Aunque hoy figuras como Linda Caicedo y Leicy Santos brillan en escenarios internacionales, el camino comenzó hace más de 50 años, cuando las mujeres practicaban este deporte de manera informal y sin apoyo institucional.
Los primeros registros del fútbol femenino en el país se remontan a la década de 1970, con partidos organizados de forma amateur en ciudades como Cali. Durante años, las jugadoras enfrentaron barreras culturales, falta de recursos y escasa visibilidad.
No fue sino hasta la década de 1990 que comenzaron a estructurarse torneos nacionales, sentando las bases para el desarrollo del deporte. Sin embargo, el gran salto llegó en 2017 con la creación de la liga profesional femenina, un paso clave para la consolidación del fútbol femenino en Colombia.
En el plano internacional, la selección femenina ha logrado importantes hitos, como su participación en Copas del Mundo, Juegos Olímpicos y finales de la Copa América, además de destacarse en categorías juveniles.
Estos avances han permitido que Colombia sea hoy protagonista en torneos como la Liga de Naciones Femenina de la Conmebol, una competencia clave en el camino hacia el Mundial de 2027.

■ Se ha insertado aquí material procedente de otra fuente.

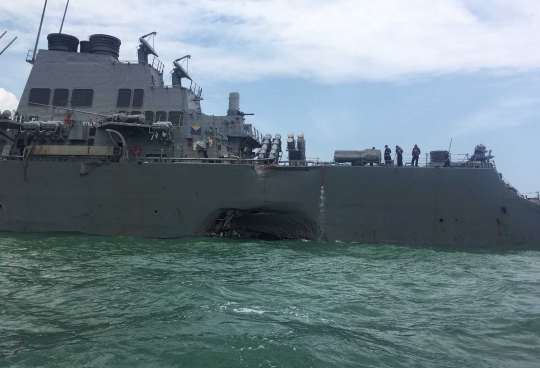 Kondisi kapal perang AS usai tabrak kapal tanker di Selat Malaka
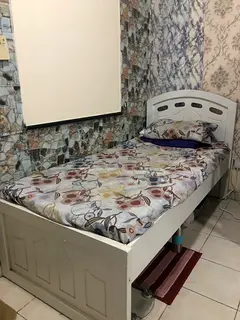 Bed Space In Discovery Gardens Near Metro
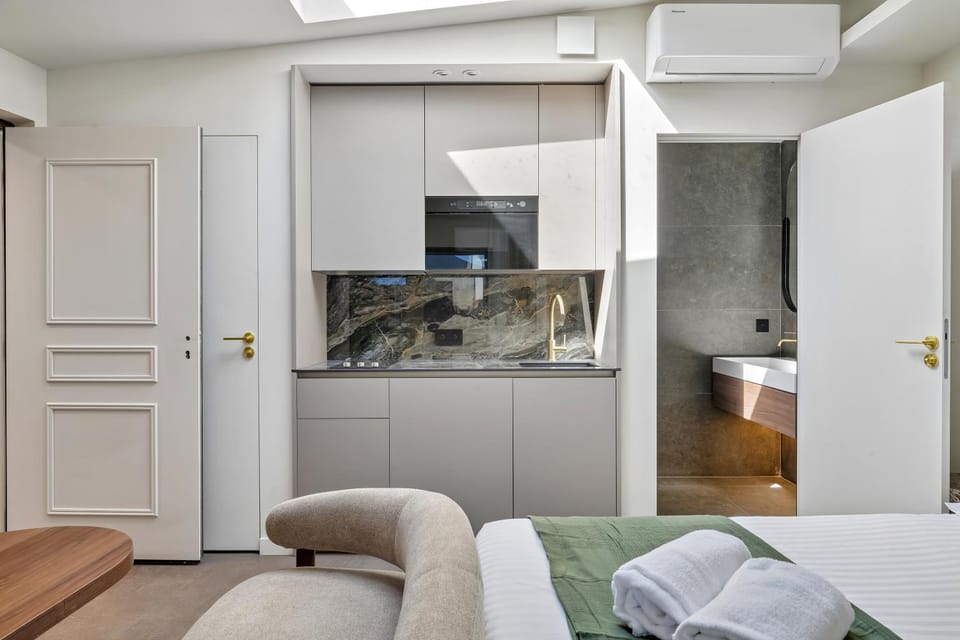 Bed, Bathroom, Kitchen or kitchenette, Photo of the whole room, Bedroom, towels, wardrobe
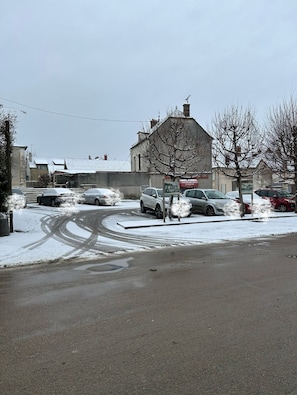 Property grounds - House with terrace and garden (Flogny-la-Chapelle)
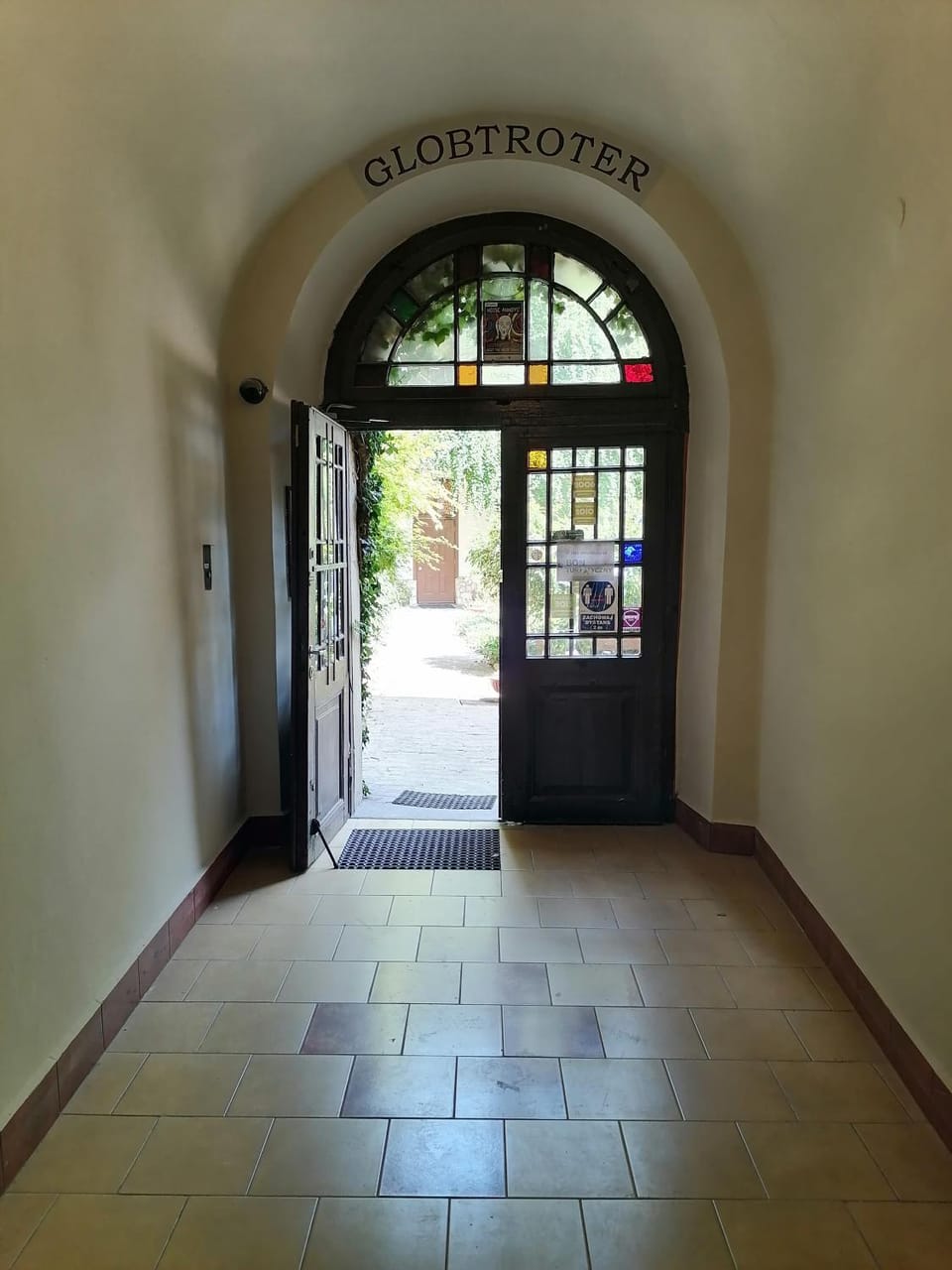 Property building, Facade/entrance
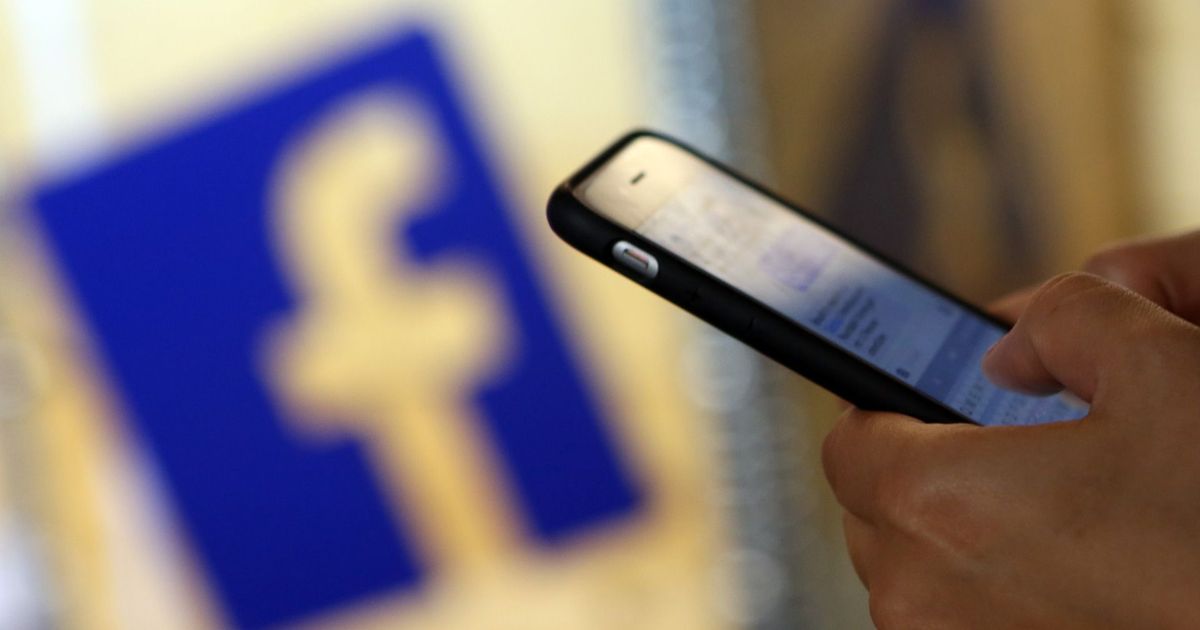 #Facebook's latest feature helps you raise money for your favourite #charity: buff.ly/29x0XIQ via <a href="/mashable/">Mashable</a>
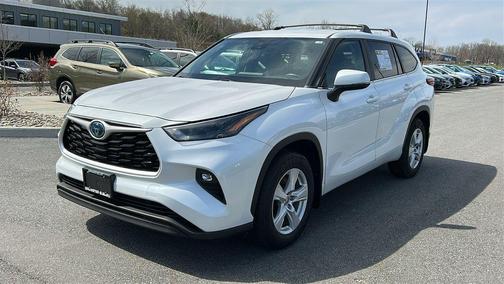 White 2023 Toyota Highlander Hybrid LE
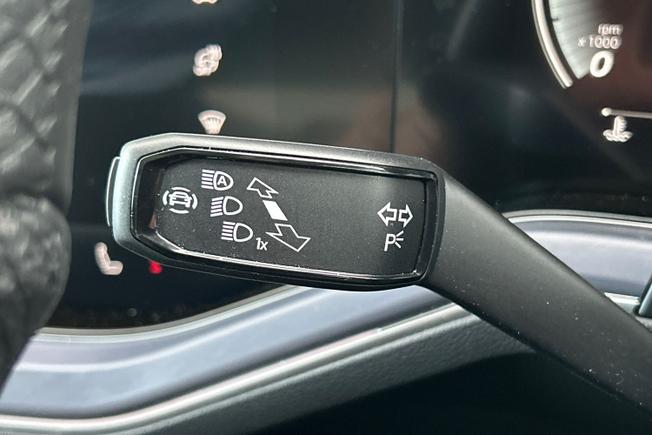 VOLKSWAGEN Touareg Photo 37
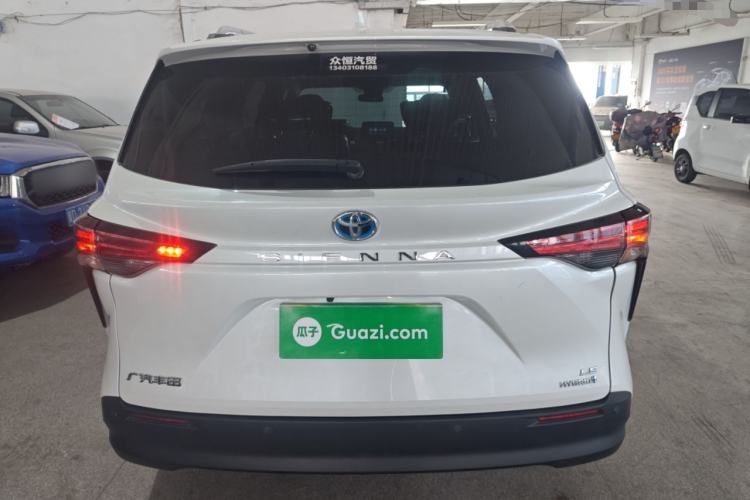 Used Toyota SIENNA 2023 2.5L Hybrid Comfort Edition Rear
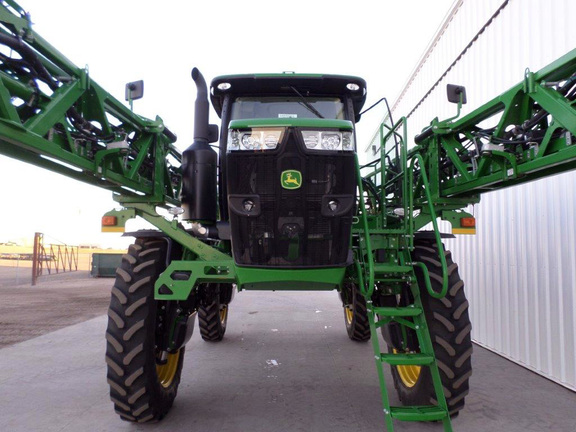 2016 John Deere R4045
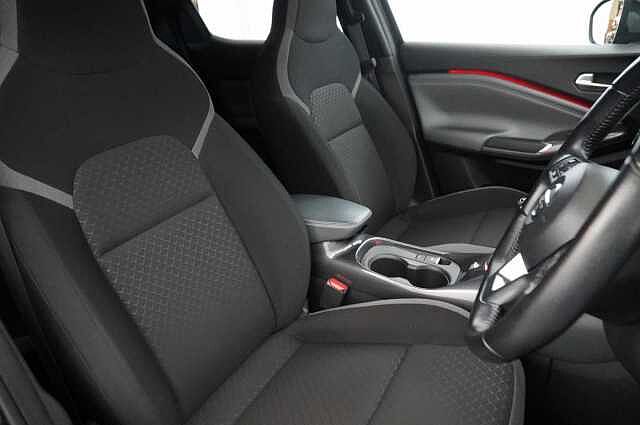 Nissan Juke 1.0 DIG-T 117 N-Connecta with Sat Nav and Rear View Camera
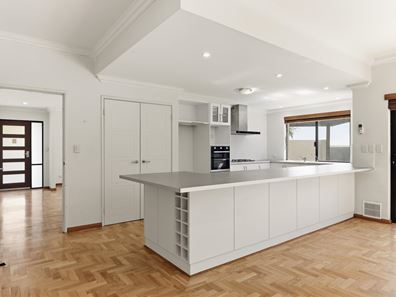 44 Clearwater Way, Singleton WA 6175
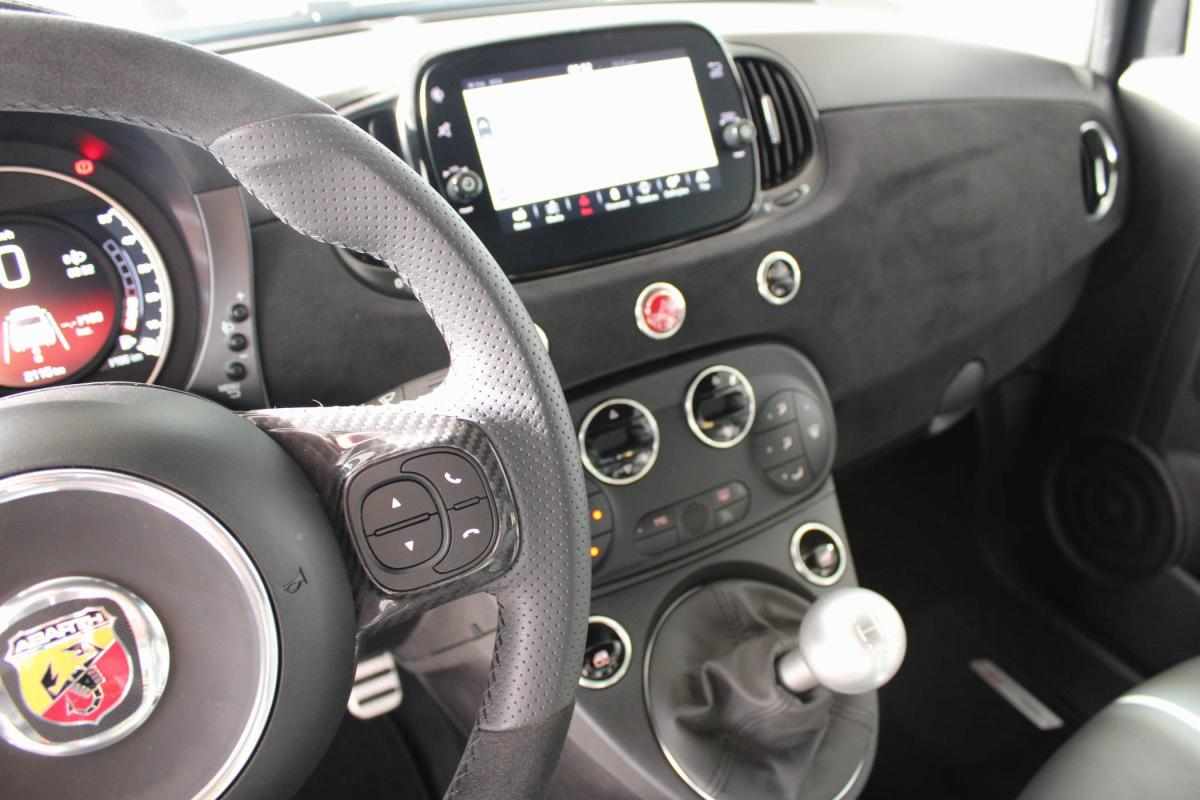 abarth-500-595-competizione-1-4-t-jet-2024-gasolina-1368cc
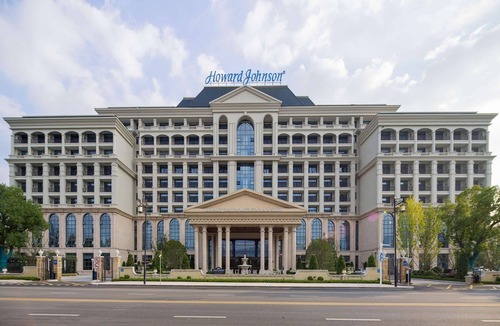 Xikouzhen Hotel | Howard Johnson Maitreya Plaza Xikou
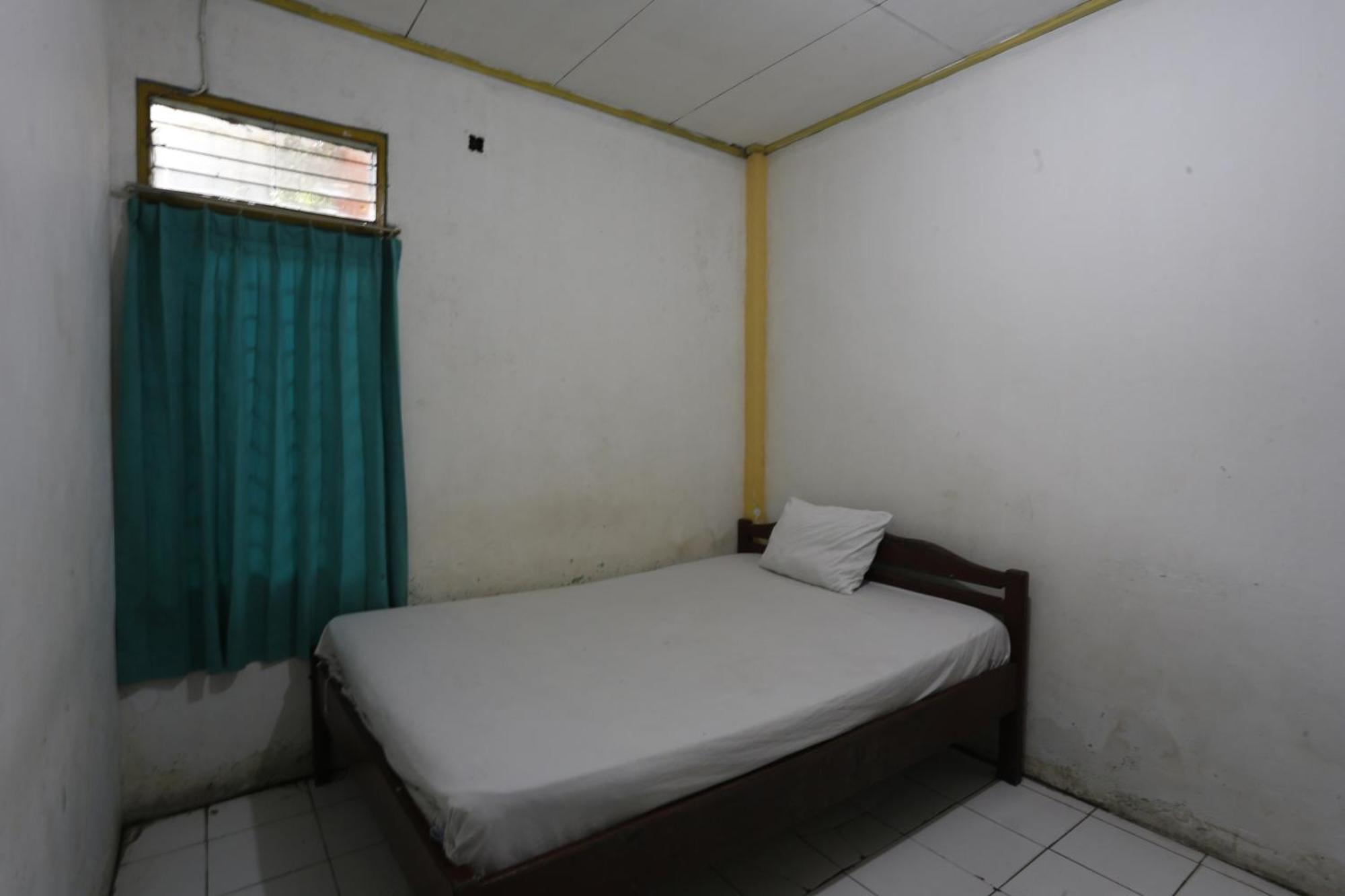 Oyo 93119 Guest House Leo Patra Muara Badak エクステリア 写真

El crecimiento del fútbol femenino también se refleja en logros históricos, como el título de Atlético Huila en la Copa Libertadores femenina y el subcampeonato mundial Sub-17, resultados que evidencian el talento y proyección de las jugadoras colombianas.
Pese al progreso, aún persisten desafíos relacionados con la inversión, la estabilidad de la liga y el respaldo institucional. Sin embargo, el presente ilusiona: el fútbol femenino colombiano ya no es una promesa, sino una realidad que sigue ganando terreno en la región.